My ViewModel subscribes to the AppOnResumemessage and calls SetLayout() when it receives the message.

public void OnAppearing()
{
    MessagingCenter.Subscribe<App>(this, "AppOnResume", (_) => SetLayout());
}

public virtual void OnDisappearing()
{
    MessagingCenter.Unsubscribe<App>(this, "AppOnResume");
}

Rotating the CollectionView

Once we can detect device orientation changes we can update the UI. In this example I want my CollectionView to be a vertical list for Portrait orientation and a horizontal list for Landscape orientation. Creating a data binding on CollectionView.ItemsLayout was a bit tricky but after some trial and error I realised I needed to create a LinearItemsLayout object for each orientation when the page is created and switch between them when the user rotates their device.
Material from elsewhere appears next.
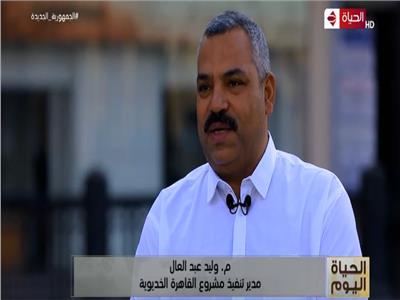 مدير «القاهرة الخديوية»: مراحل التطوير تتم على حساب الدولة وليس المواطن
private readonly ItemsLayout portLayout = new LinearItemsLayout(ItemsLayoutOrientation.Vertical) { ItemSpacing = 15 };
private readonly ItemsLayout landLayout = new LinearItemsLayout(ItemsLayoutOrientation.Horizontal) { ItemSpacing = 15 };

private ItemsLayout collectionLayout;
public ItemsLayout CollectionLayout { get => collectionLayout; set => SetProperty(ref collectionLayout, value); }

Just switching the layout isn't enough for a great user experience, my vertical list items would look wrong forced into a horizontal list so I want to change the item template as well. The easiest way to do this is to include a data template for each orientation with a data binding on CollectionView.ItemTemplate to switch between them.
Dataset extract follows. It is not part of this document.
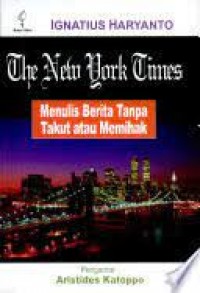 The New York Times : Menulis Tanpa Takut Atau Memihak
private DataTemplate collectionTemplate;
public DataTemplate CollectionTemplate { get => collectionTemplate; set => SetProperty(ref collectionTemplate, value); }

public void SetLayout()
{
    DisplayInfo displayInfo = DeviceDisplay.MainDisplayInfo;
    if (displayInfo.Width > displayInfo.Height)
    {
        // landscape
        CollectionTemplate = App.Current.Resources.TryGetValue("landTemplate", out object value)
            ? (DataTemplate)value
            : throw new Exception("landTemplate not found!");
        CollectionLayout = landLayout;
    }
    else
    {
        // portrait
        CollectionTemplate = App.Current.Resources.TryGetValue("portTemplate", out object value)
            ? (DataTemplate)value
            : throw new Exception("portTemplate not found!");
        CollectionLayout = portLayout;
    }
}

The data templates can be found in Styles\DefaultStyles.xaml and are added to the application resource dictionary in App.xaml.cs.

Landscape Screenshot

Final Thoughts

Using CollectionView we can easily update the layout of list based pages when the user rotates their device and improve the user experience of our apps. I haven't tested this with .Net MAUI yet but it should work with minimal changes.

For larger screen devices like tablets we could use grid layouts instead of list layouts for an even better user experience.